EXERCISE DATA section start

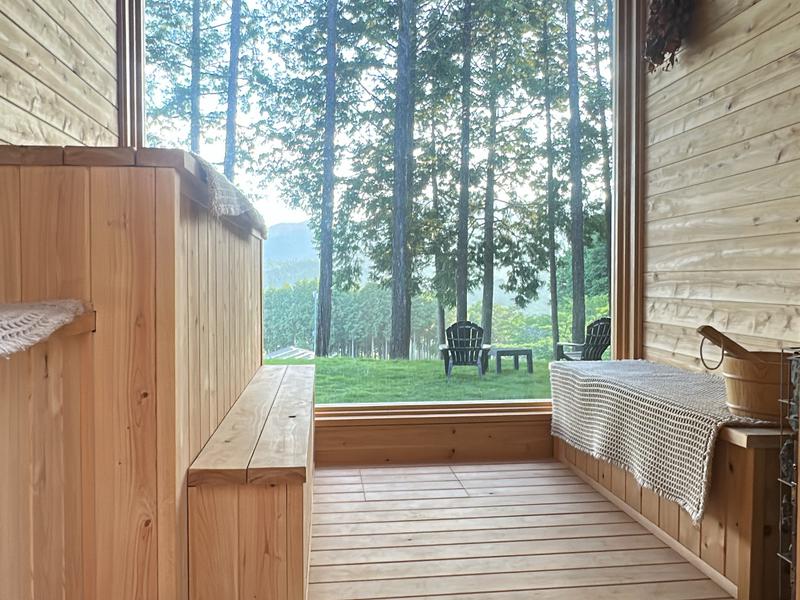 SECRET SAUNA KAIHO（伊賀市）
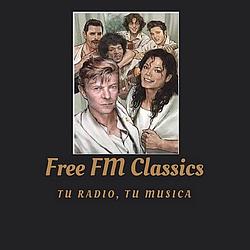 Free FM Classics Vigo logo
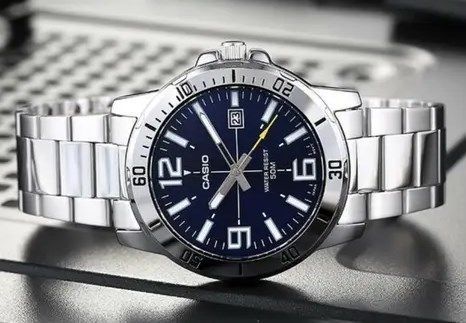 Часы Casio MTP-VD01D-2BVUDF
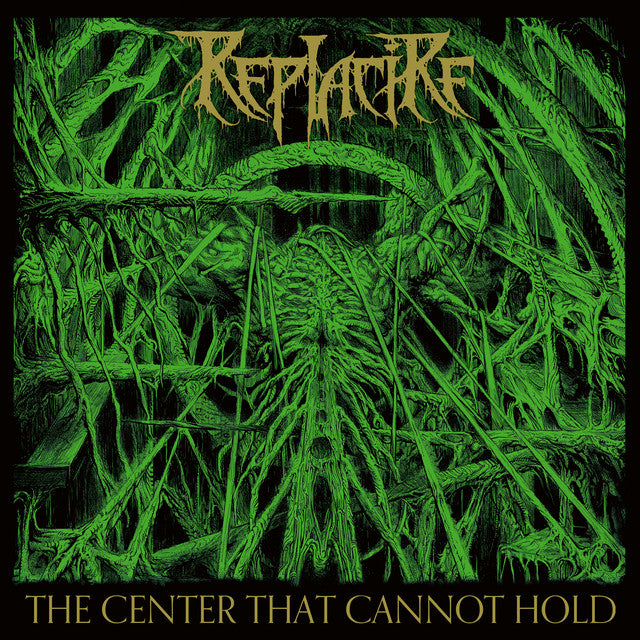 Replacire – The Center That Cannot Hold (LP)
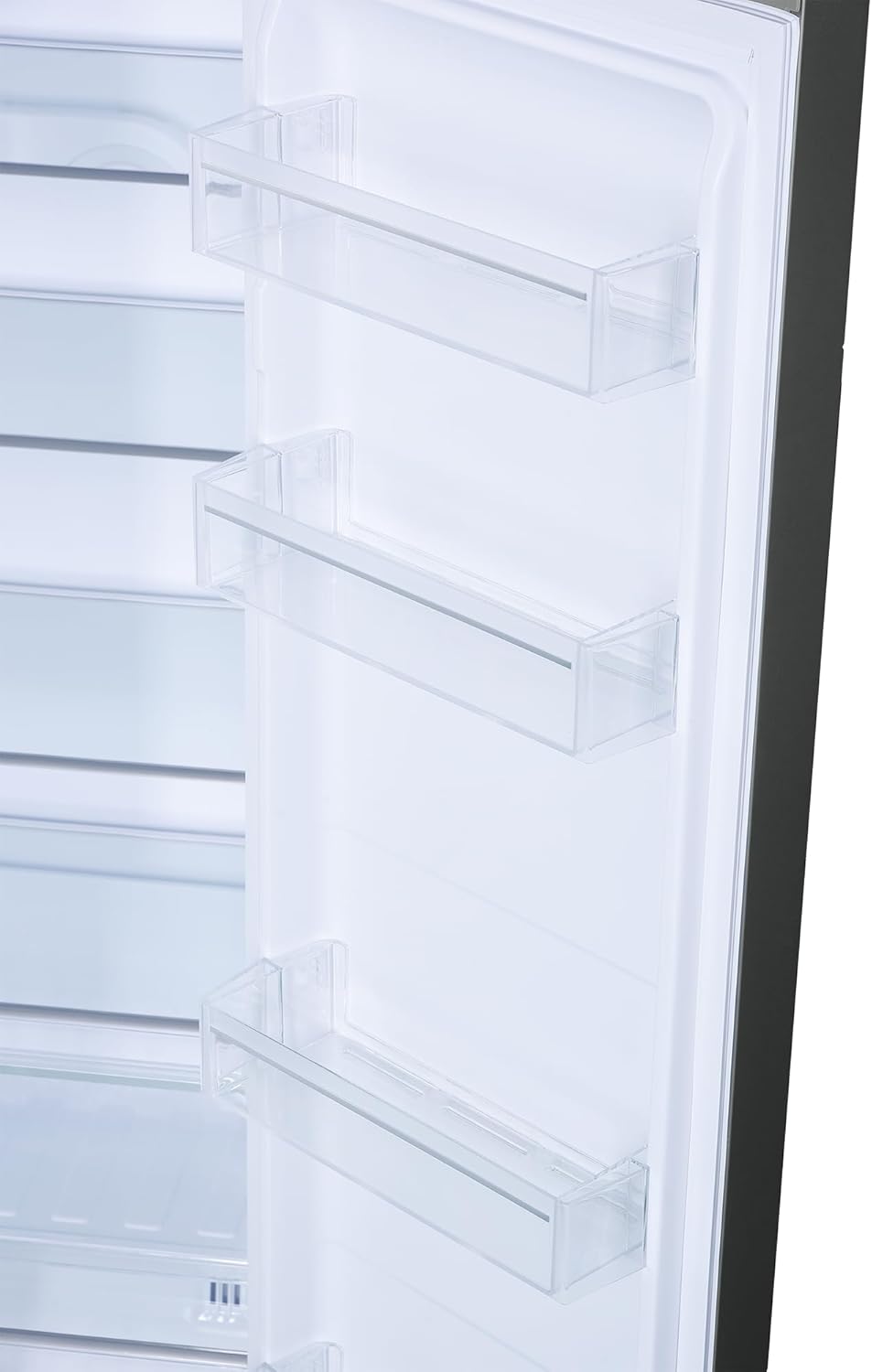 Beko GNO5322WDXPN Side-by-Side, frigorifero, congelatore, volume totale 532 l, vano frigorifero 347 litri, vano congelatore 185 litri, display multifunzione, NoFrost, dispenser acqua, acciaio inossidabile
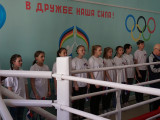 Открытие спортивного детского клуба "Дружба" 16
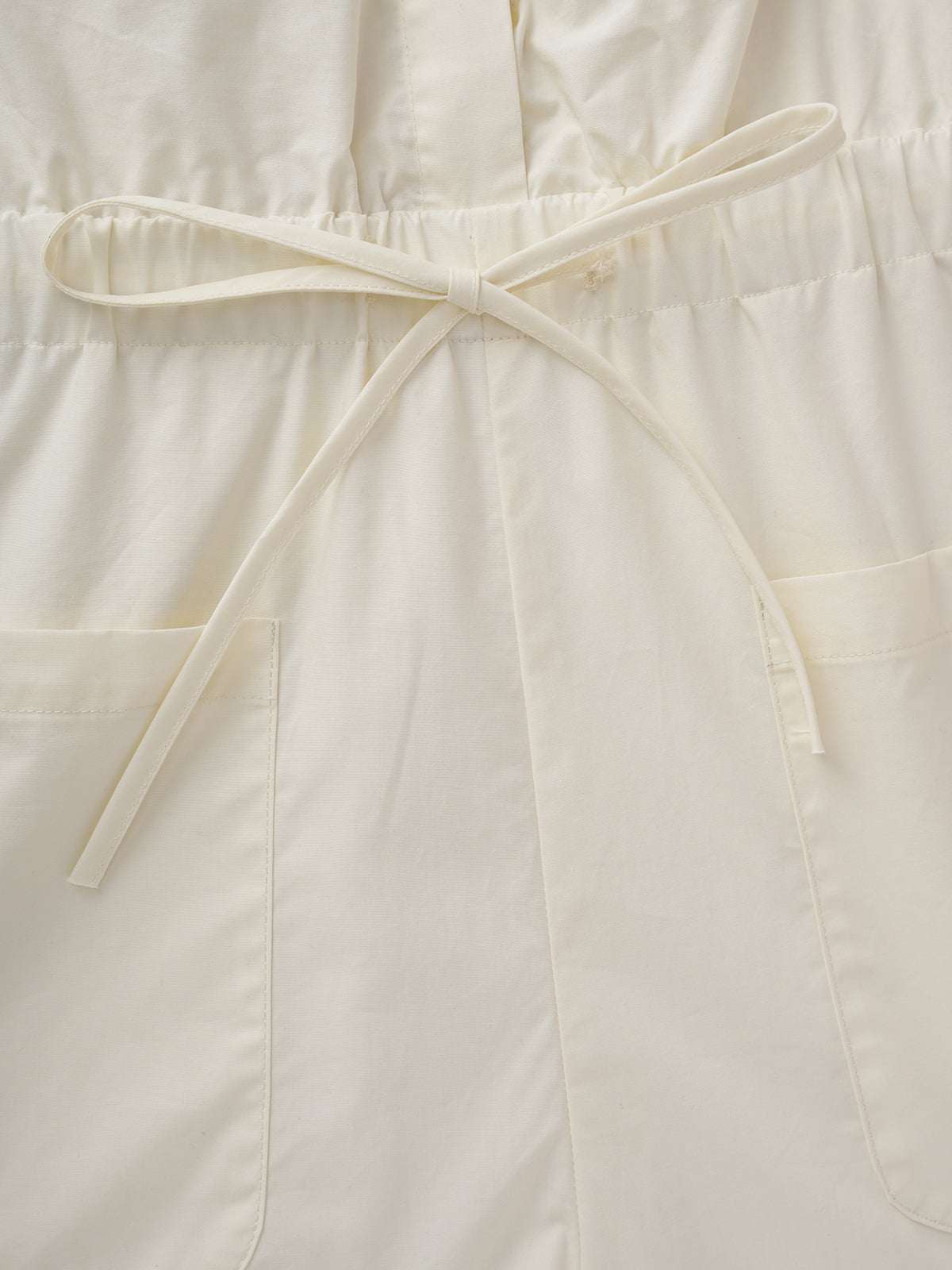 Honor Roll Overall Pants – Cream Ivory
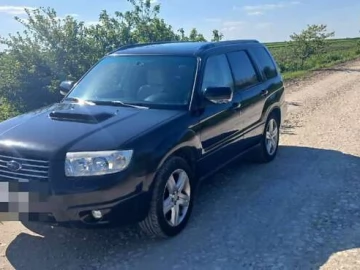 Авто Subaru Forester 2006 № 7717928
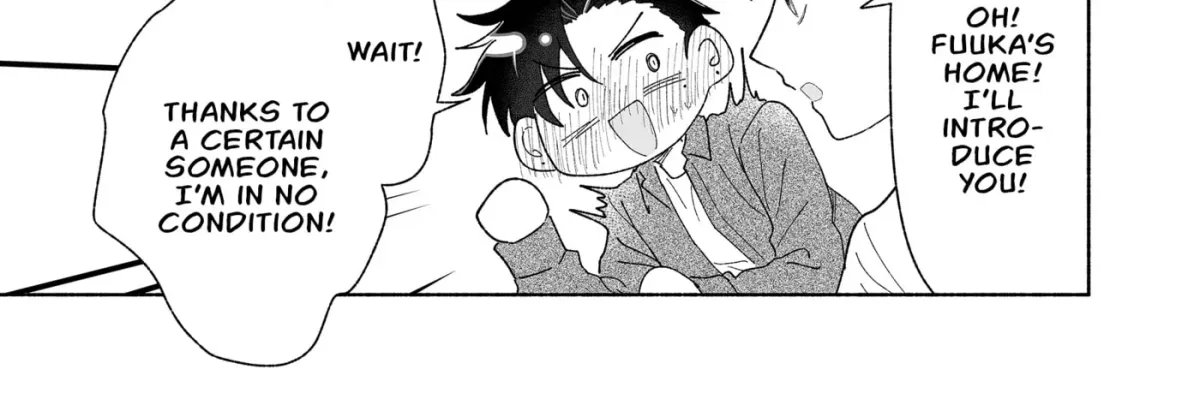 Promise of 12cm with Cool Girl Chapter 60 page 38 - 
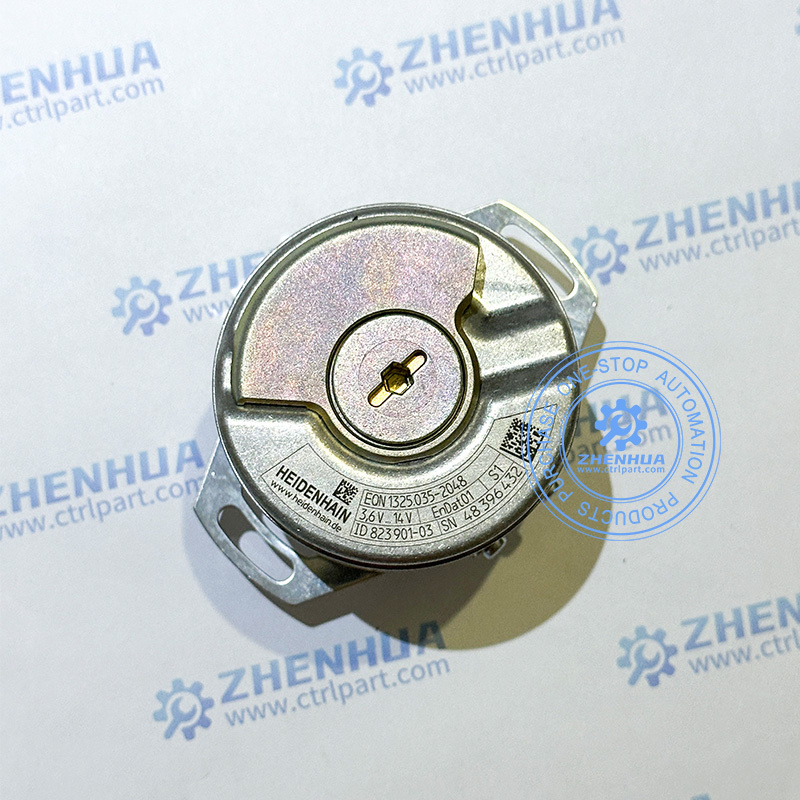 HEIDENHAIN encoder EQN 1325.035-2048, Brand New Original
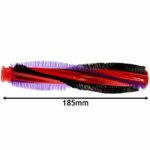 SPARES2GO Brushroll Brush Bar for Dyson V6 SV03 Flexi DC62 Vacuum Cleaner (185mm)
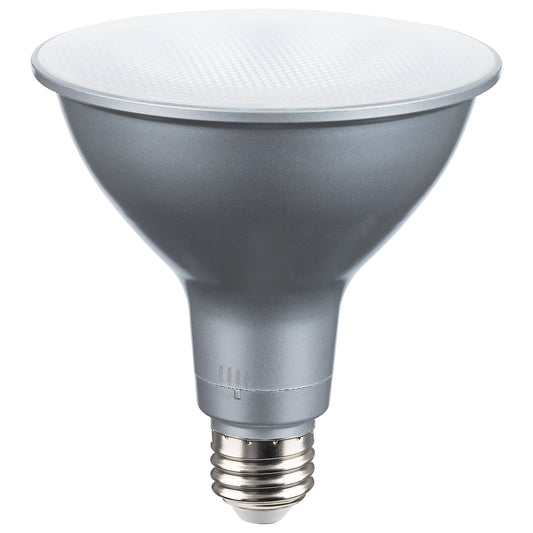 image of 19 Watt PAR38 High Lumen LED - 27K/30K/35K/40K/50K CCT Selectable - Medium Base - 120-277 Volt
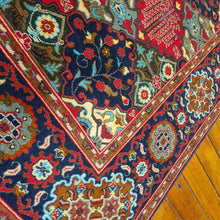 Load image into Gallery viewer, Hand knotted wool Rug 202150 size 202 x 150 cm Afghanistan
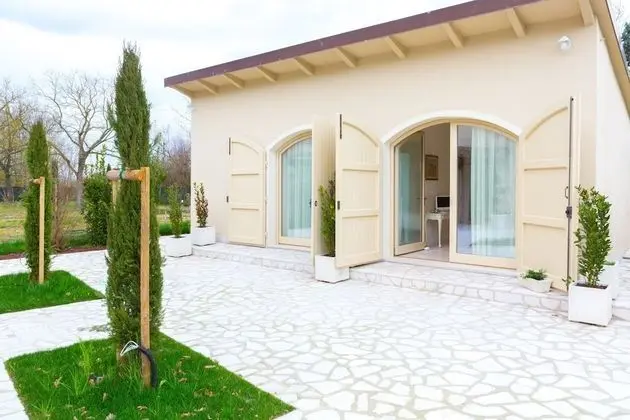 Tek Büyük Yataklı Oda, Ek Bina (Stella)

EXERCISE DATA section end

- [ASSIGNMENT] Among the entries above, take the line with "Honor Roll Overall Pants – Cream Ivory", the line with "SPARES2GO Brushroll Brush", and all the lines between them, and restate them word for word without pictures.

- [RESPONSE AREA]
 Honor Roll Overall Pants – Cream Ivory
 Авто Subaru Forester 2006 № 7717928
 Promise of 12cm with Cool Girl Chapter 60 page 38 - 
 HEIDENHAIN encoder EQN 1325.035-2048, Brand New Original
 SPARES2GO Brushroll Brush Bar for Dyson V6 SV03 Flexi DC62 Vacuum Cleaner (185mm)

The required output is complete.